Homeowners’ equity is the highest in 31 years, providing a cushion in case prices flatten or fall

The Federal Reserve released mountains of data on the financial health of American families and companies on Thursday. The chart, above, from the financial accounts of the U.S. shows that homeowners’ equity in their housing rose to 67.3%, the highest since 1989. Or put another way, leverage — debt-to-value — in the housing market is very low. 

Contrast that with the situation in 2005 through 2009, when leverage led to the worst global recession in 80 years as mortgage debt grew faster than home prices, fueling an unsustainable bubble that was destined to pop when prices stopped rising.

Back then, leverage exploded with the proliferation of unwise mortgages (including HELOCs, NINJA loans, balloon payments, and payments that didn’t even cover the interest costs).

Many buyers were pure speculators, counting on house prices to rise forever, allowing them to find a “greater fool” who would bail them out of their ill-advised debt by buying their overpriced home before the music stopped.

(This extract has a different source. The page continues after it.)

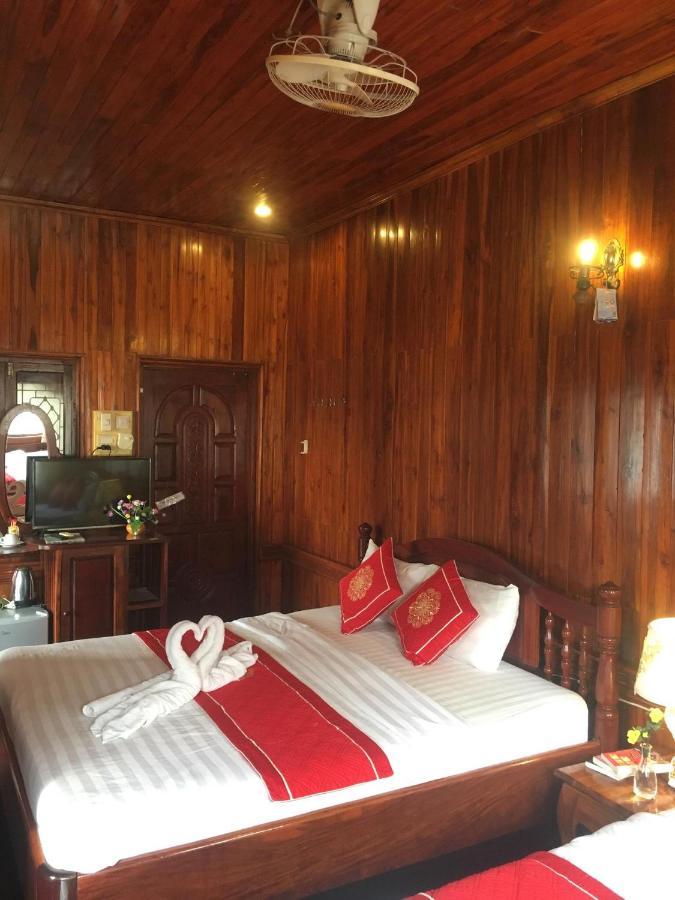 Soutikone Place House 2 Luang Prabang Bagian luar foto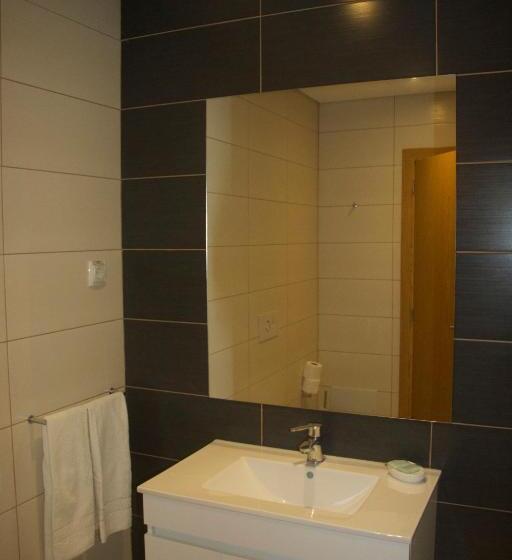 غرفة قياسية ثلاثية مزودة بشرفة, Casa Praia Mar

Of course, the merry-go-round had to stop at some point. When prices started to fall, many homeowners went quickly underwater on their mortgage, especially if their monthly payment increased after initial teaser rates expired.

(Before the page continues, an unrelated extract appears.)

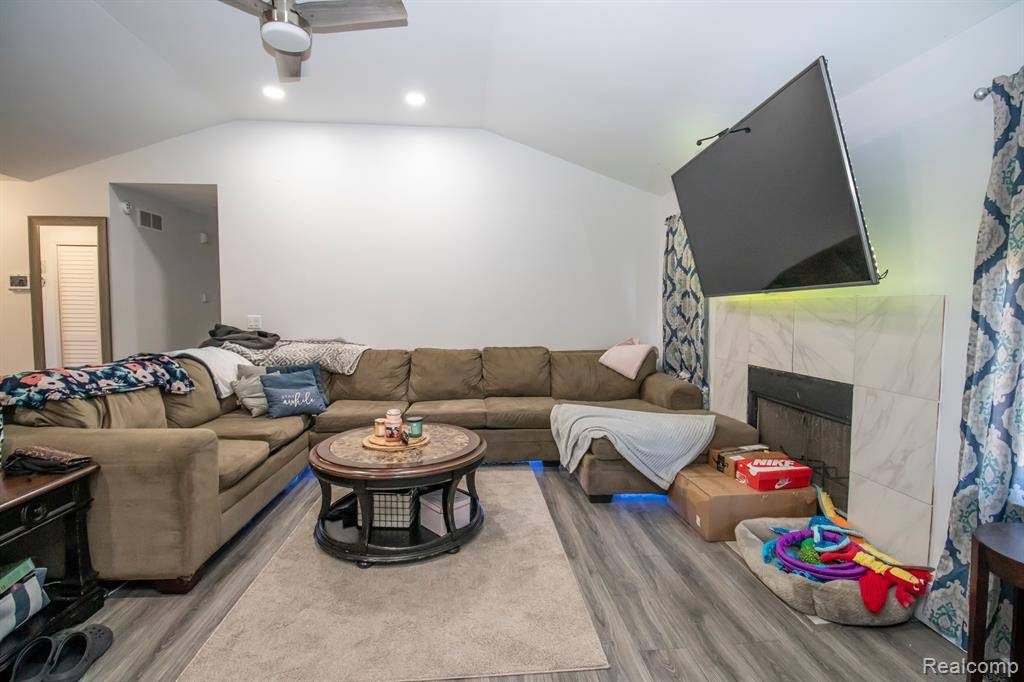 Clinton Twp, MI 48035,22531 GLEN OAK Drive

This was the essence of the housing bubble that popped before the Great Recession: Owners were forced to sell at a loss because they couldn’t make their monthly payments even as housing values deflated. Forced sales drove prices even lower in a vicious spiral. 

Ultimately, national home prices plunged 28% from peak to trough, by far the worst drop since the Great Depression and making a mockery of the conventional wisdom of the time that home prices never decline. (Previously, the worst post-depression decline had been a 3% drop during the savings & loan crisis of 1990.)

High levels of equity

Today, it’s much different. Over the past six years since mortgage debt began to grow again, debt has been increasing only about one-third as fast as home values.

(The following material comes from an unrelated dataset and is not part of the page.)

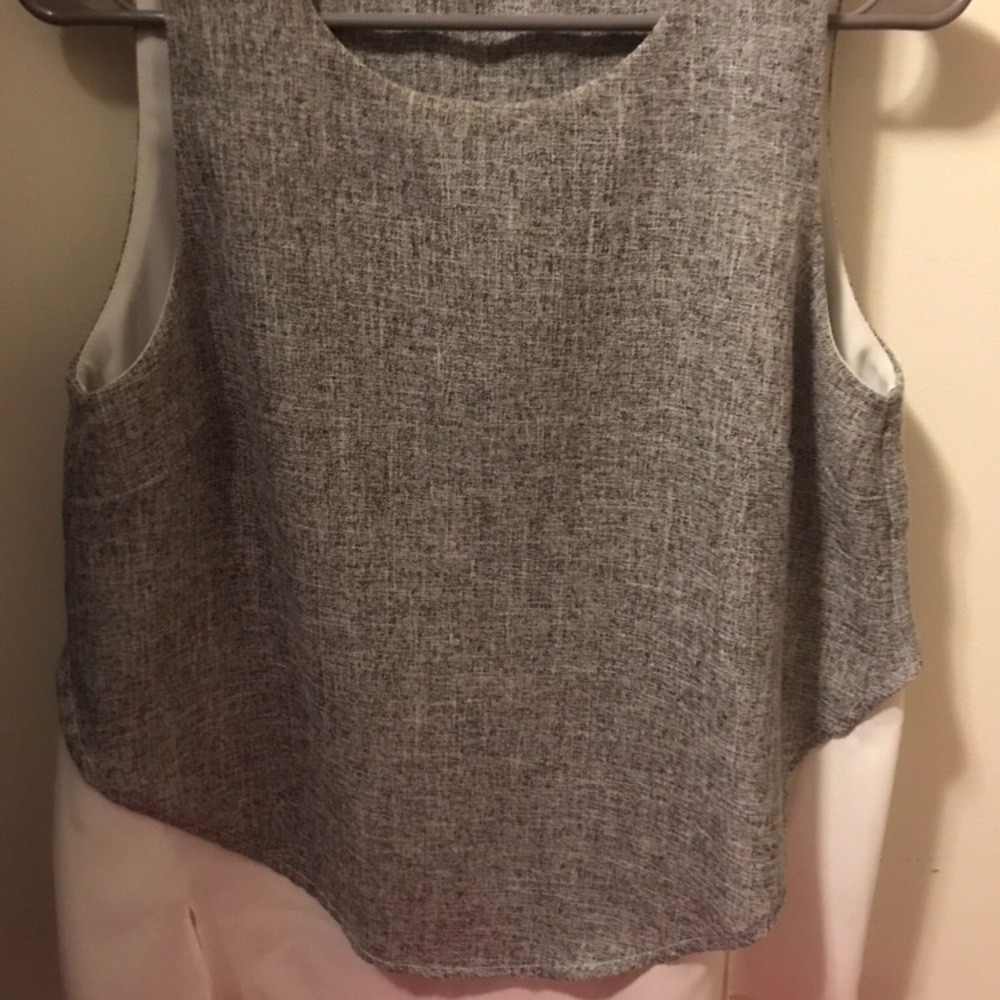 41 Hawthorn gray and white tank - Stitchfix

High levels of equity mean that, even if housing prices were to flatten or fall slightly, very few homeowners would be forced to sell at a loss. Most loans now have fixed interest rates, so monthly payments wouldn’t rise. Most homeowners could sit it out in comfort (as long as their incomes held up, that is).

If prices were to flatten or fall slightly, sales would dry up, but prices wouldn’t be driven even lower by forced sales. That would mean that mortgages wouldn’t default, and mortgage lenders wouldn’t fail and bring down the global financial system. 

Anyone who thinks home prices are destined to collapse in the next few years needs to show their work. What’s the economic or financial mechanism that would drive homeowners to sell at a loss?